== Required work ==
Print the listing below only from the line that has "Stolní sada Holstebro" through the line that has "Green Wool Contrast Sleeve Varsity - Men's", exactly, and drop any picture.

== Provided records ==
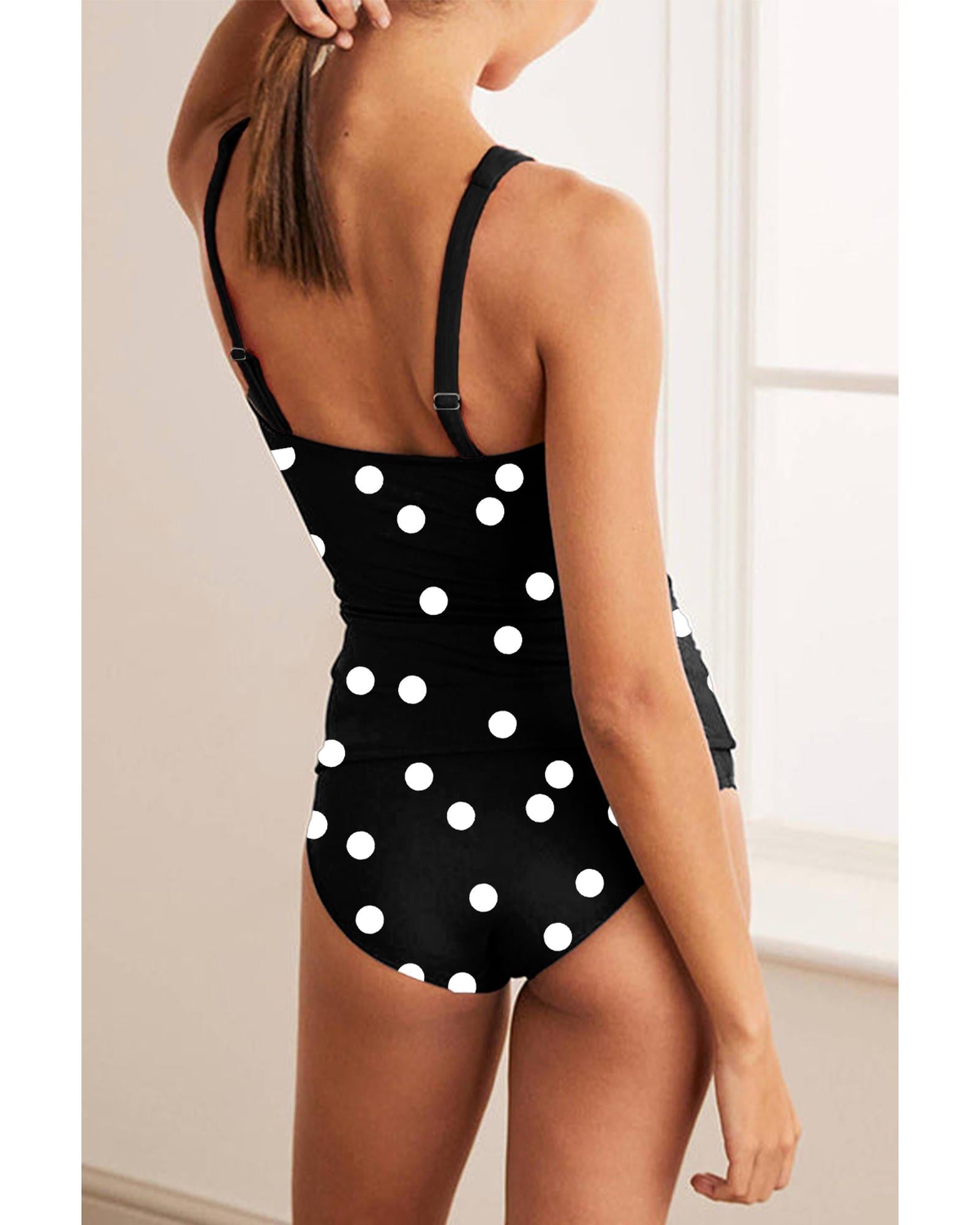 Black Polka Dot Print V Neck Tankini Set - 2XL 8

--

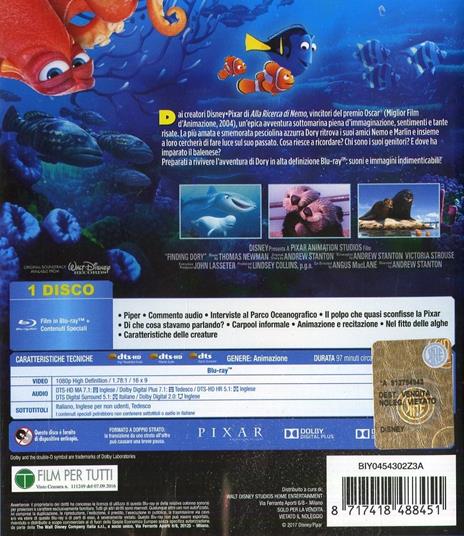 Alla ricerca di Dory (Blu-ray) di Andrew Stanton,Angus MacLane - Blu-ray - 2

--

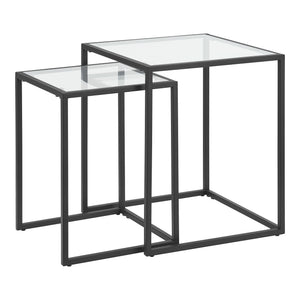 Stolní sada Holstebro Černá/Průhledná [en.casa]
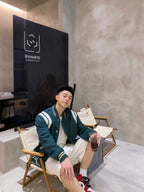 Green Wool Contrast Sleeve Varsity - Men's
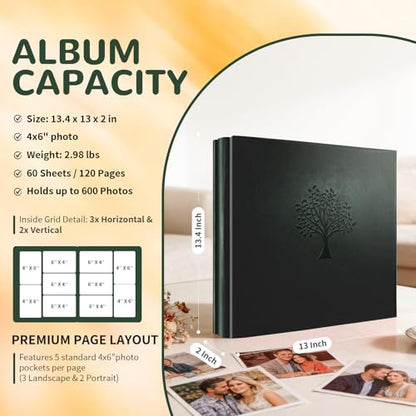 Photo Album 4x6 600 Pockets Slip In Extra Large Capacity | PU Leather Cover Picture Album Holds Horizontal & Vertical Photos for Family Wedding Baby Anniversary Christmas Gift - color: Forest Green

== Your response ==
 Stolní sada Holstebro Černá/Průhledná [en.casa]
 Green Wool Contrast Sleeve Varsity - Men's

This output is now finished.